▸ **Assigned task**
Skip all pictures; return exactly the lines from the one containing "Milwaukee 48-73-1371 - BOLT™" through the end of the data.

━━━

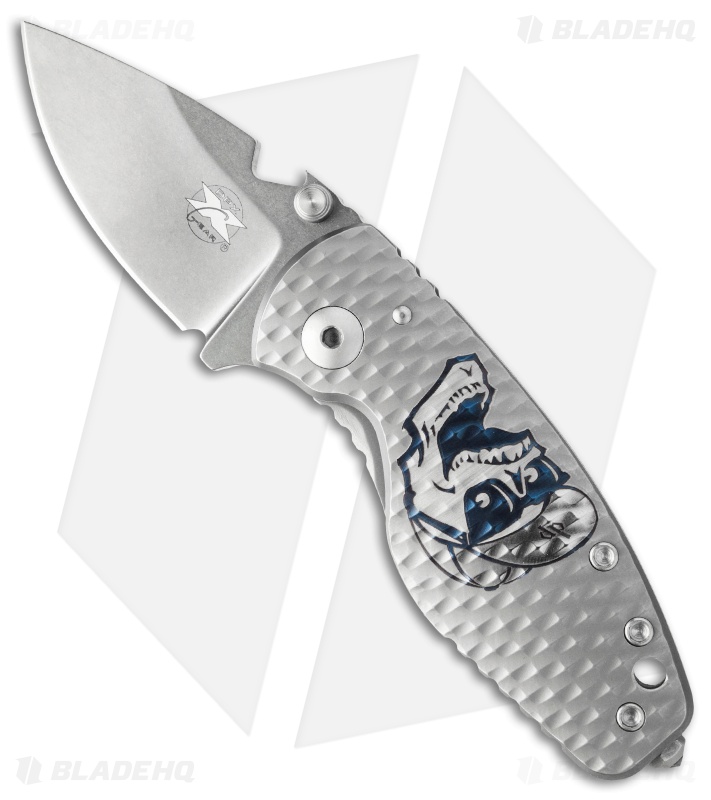 DPx Custom Shop HEAT/F Frame Lock Custom Knife 3D Ti (2.50" Stonewash)
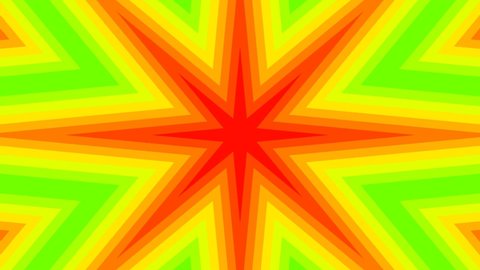 Red kaleidoscope sequence patterns.  Abstract multicolored motion graphics background.  Or for yoga, clubs, shows, mandalas, fractal animation.  Beautiful bright ornaments.  Seamless loops.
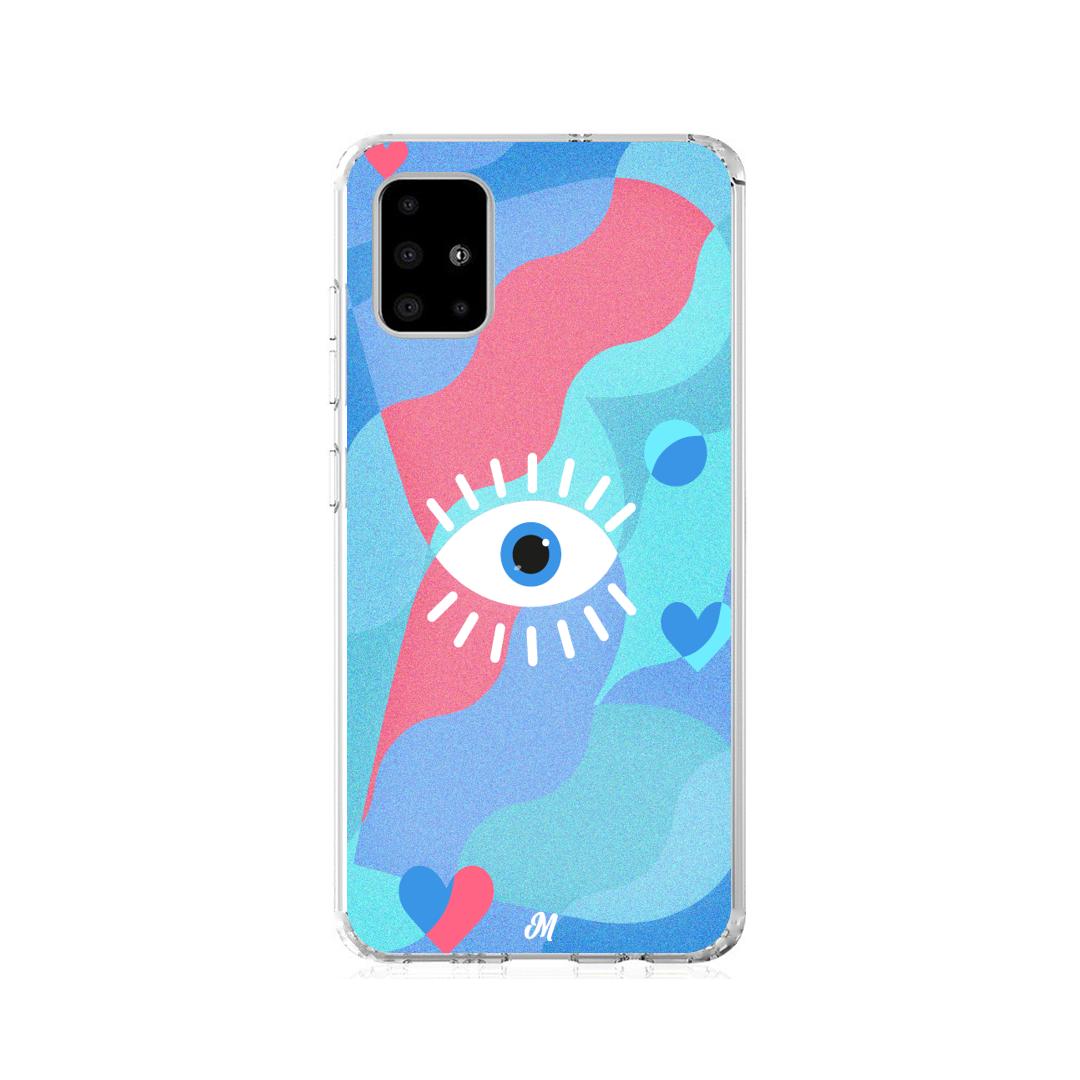 Case para Samsung A21S Amor azul - Mandala Cases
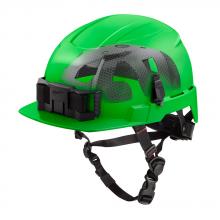 Milwaukee 48-73-1371 - BOLT™ Green Front Brim Safety Helmet with IMPACT ARMOR™ Liner (USA) - Type 2, Class E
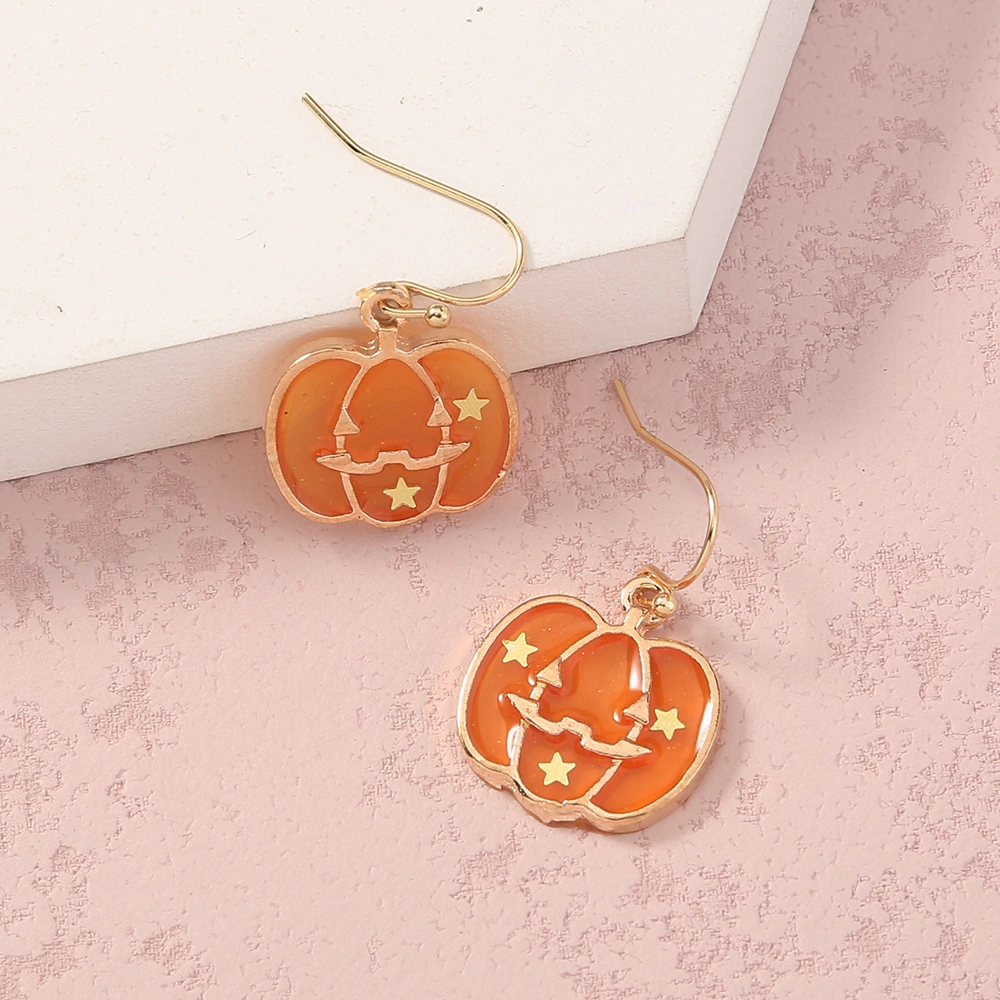 Simple Geometric Personality Halloween Earrings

━━━

▸ **Output for this task**
 Milwaukee 48-73-1371 - BOLT™ Green Front Brim Safety Helmet with IMPACT ARMOR™ Liner (USA) - Type 2, Class E
 Simple Geometric Personality Halloween Earrings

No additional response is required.